Supplied information section start

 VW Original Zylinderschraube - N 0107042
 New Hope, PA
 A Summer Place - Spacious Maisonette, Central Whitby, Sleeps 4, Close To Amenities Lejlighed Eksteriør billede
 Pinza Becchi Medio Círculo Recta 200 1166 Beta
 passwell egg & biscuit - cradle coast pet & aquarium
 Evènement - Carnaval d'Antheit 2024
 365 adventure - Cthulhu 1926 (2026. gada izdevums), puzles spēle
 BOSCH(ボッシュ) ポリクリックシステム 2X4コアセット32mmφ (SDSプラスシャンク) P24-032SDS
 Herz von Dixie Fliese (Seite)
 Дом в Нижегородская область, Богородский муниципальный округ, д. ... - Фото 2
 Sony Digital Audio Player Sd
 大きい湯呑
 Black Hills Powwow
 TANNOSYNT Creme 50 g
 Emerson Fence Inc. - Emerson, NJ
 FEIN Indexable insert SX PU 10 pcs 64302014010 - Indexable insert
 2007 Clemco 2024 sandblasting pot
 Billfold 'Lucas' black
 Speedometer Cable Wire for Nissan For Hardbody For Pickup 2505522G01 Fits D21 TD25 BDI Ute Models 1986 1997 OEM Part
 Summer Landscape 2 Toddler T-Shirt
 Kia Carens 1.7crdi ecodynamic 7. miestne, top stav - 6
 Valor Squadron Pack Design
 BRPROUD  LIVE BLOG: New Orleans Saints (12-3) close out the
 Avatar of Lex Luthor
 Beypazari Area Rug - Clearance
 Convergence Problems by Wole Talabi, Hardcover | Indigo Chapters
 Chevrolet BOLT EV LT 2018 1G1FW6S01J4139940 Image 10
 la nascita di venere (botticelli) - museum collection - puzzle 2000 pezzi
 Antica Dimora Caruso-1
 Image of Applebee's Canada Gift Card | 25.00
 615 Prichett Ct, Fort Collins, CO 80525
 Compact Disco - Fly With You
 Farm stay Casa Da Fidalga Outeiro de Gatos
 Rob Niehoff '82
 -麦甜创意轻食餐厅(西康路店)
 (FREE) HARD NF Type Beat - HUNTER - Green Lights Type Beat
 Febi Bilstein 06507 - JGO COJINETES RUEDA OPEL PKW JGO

Supplied information section end

= What you will do =
Return every record, leaving each line exactly as it was given.

= Expected answer =
 VW Original Zylinderschraube - N 0107042
 New Hope, PA
 A Summer Place - Spacious Maisonette, Central Whitby, Sleeps 4, Close To Amenities Lejlighed Eksteriør billede
 Pinza Becchi Medio Círculo Recta 200 1166 Beta
 passwell egg & biscuit - cradle coast pet & aquarium
 Evènement - Carnaval d'Antheit 2024
 365 adventure - Cthulhu 1926 (2026. gada izdevums), puzles spēle
 BOSCH(ボッシュ) ポリクリックシステム 2X4コアセット32mmφ (SDSプラスシャンク) P24-032SDS
 Herz von Dixie Fliese (Seite)
 Дом в Нижегородская область, Богородский муниципальный округ, д. ... - Фото 2
 Sony Digital Audio Player Sd
 大きい湯呑
 Black Hills Powwow
 TANNOSYNT Creme 50 g
 Emerson Fence Inc. - Emerson, NJ
 FEIN Indexable insert SX PU 10 pcs 64302014010 - Indexable insert
 2007 Clemco 2024 sandblasting pot
 Billfold 'Lucas' black
 Speedometer Cable Wire for Nissan For Hardbody For Pickup 2505522G01 Fits D21 TD25 BDI Ute Models 1986 1997 OEM Part
 Summer Landscape 2 Toddler T-Shirt
 Kia Carens 1.7crdi ecodynamic 7. miestne, top stav - 6
 Valor Squadron Pack Design
 BRPROUD  LIVE BLOG: New Orleans Saints (12-3) close out the
 Avatar of Lex Luthor
 Beypazari Area Rug - Clearance
 Convergence Problems by Wole Talabi, Hardcover | Indigo Chapters
 Chevrolet BOLT EV LT 2018 1G1FW6S01J4139940 Image 10
 la nascita di venere (botticelli) - museum collection - puzzle 2000 pezzi
 Antica Dimora Caruso-1
 Image of Applebee's Canada Gift Card | 25.00
 615 Prichett Ct, Fort Collins, CO 80525
 Compact Disco - Fly With You
 Farm stay Casa Da Fidalga Outeiro de Gatos
 Rob Niehoff '82
 -麦甜创意轻食餐厅(西康路店)
 (FREE) HARD NF Type Beat - HUNTER - Green Lights Type Beat
 Febi Bilstein 06507 - JGO COJINETES RUEDA OPEL PKW JGO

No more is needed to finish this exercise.